*** Opening of DATA RECORDS ***
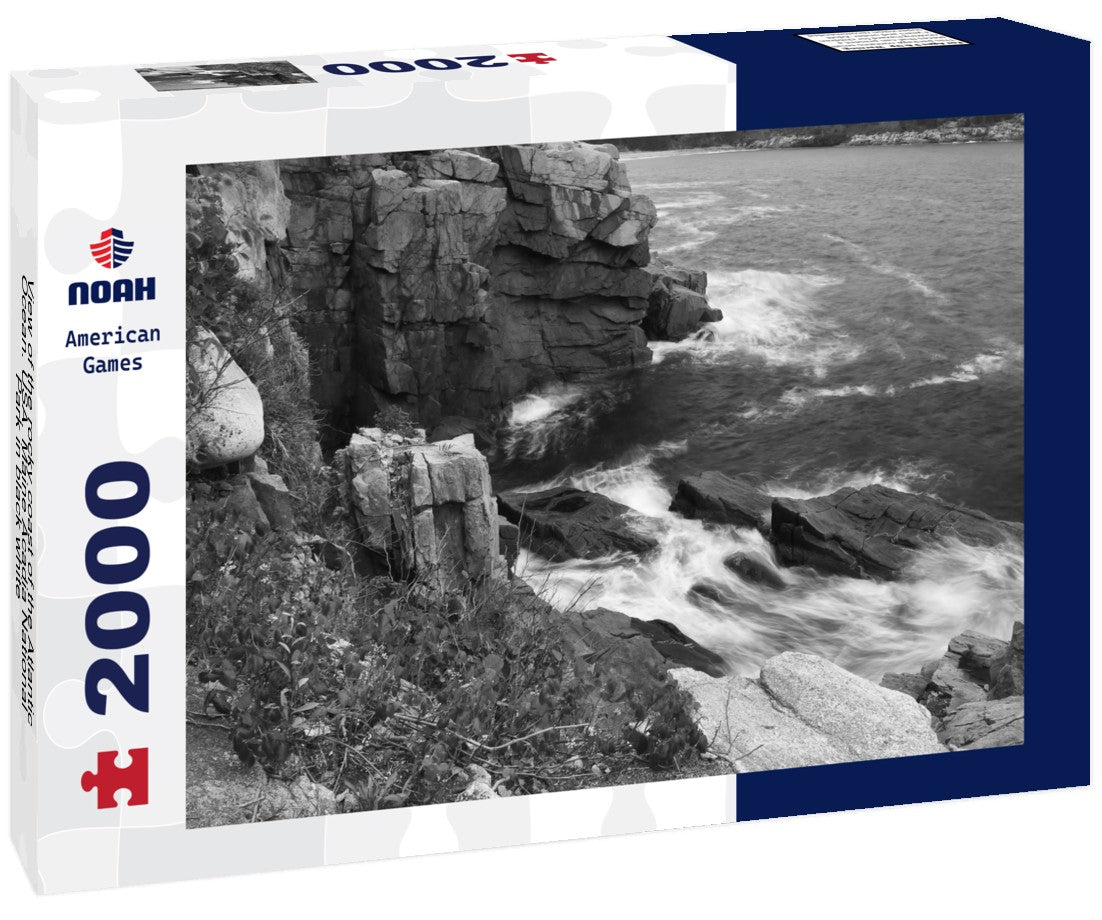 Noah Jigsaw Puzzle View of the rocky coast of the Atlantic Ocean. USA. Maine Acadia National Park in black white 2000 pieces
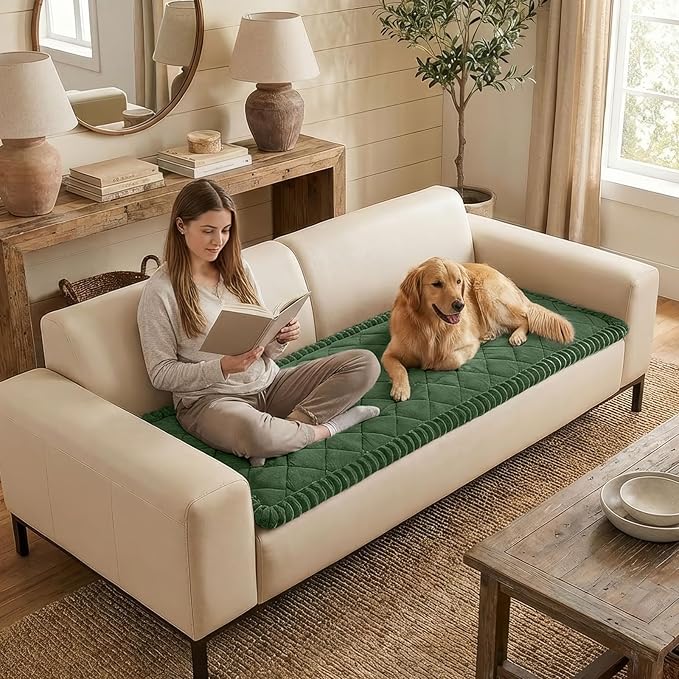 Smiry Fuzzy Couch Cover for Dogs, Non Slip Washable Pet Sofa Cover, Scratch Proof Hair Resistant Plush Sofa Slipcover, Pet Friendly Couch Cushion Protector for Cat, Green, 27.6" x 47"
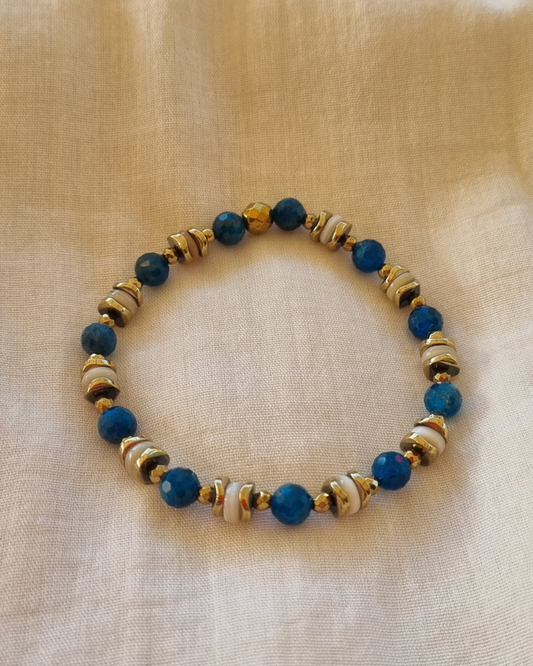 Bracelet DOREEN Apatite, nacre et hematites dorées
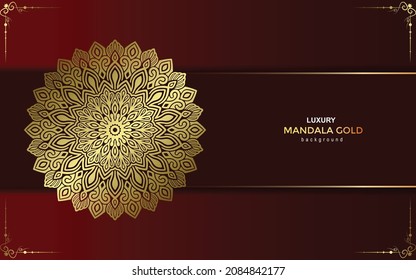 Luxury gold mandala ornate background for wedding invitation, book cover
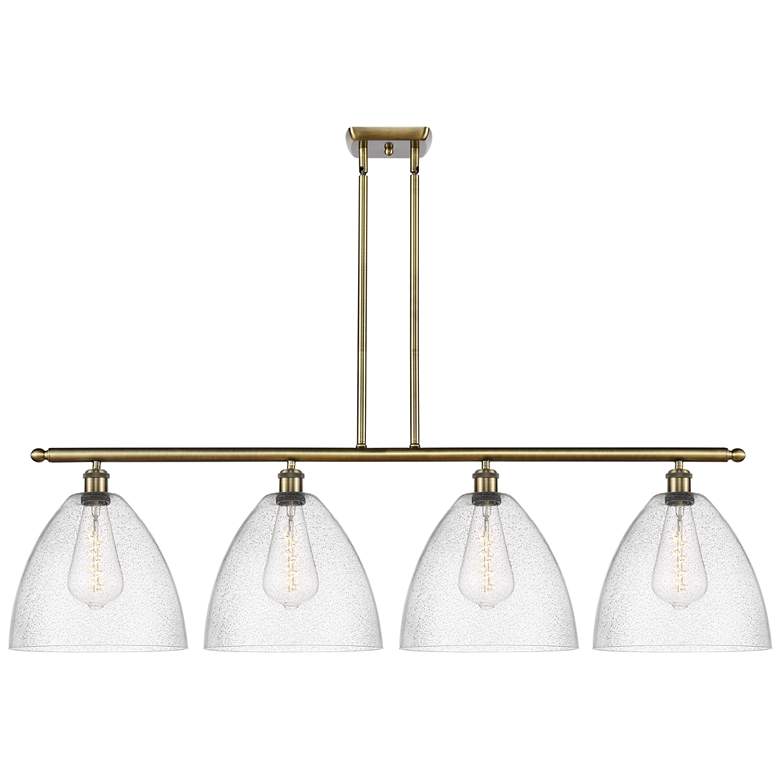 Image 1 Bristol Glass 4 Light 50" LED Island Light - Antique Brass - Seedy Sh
*** Close of DATA RECORDS ***
WHAT TO DO -> When copying the data above, repeat every word exactly and drop the pictures.

ANSWER SPACE ->
 Noah Jigsaw Puzzle View of the rocky coast of the Atlantic Ocean. USA. Maine Acadia National Park in black white 2000 pieces
 Smiry Fuzzy Couch Cover for Dogs, Non Slip Washable Pet Sofa Cover, Scratch Proof Hair Resistant Plush Sofa Slipcover, Pet Friendly Couch Cushion Protector for Cat, Green, 27.6" x 47"
 Bracelet DOREEN Apatite, nacre et hematites dorées
 Luxury gold mandala ornate background for wedding invitation, book cover
 Image 1 Bristol Glass 4 Light 50" LED Island Light - Antique Brass - Seedy Sh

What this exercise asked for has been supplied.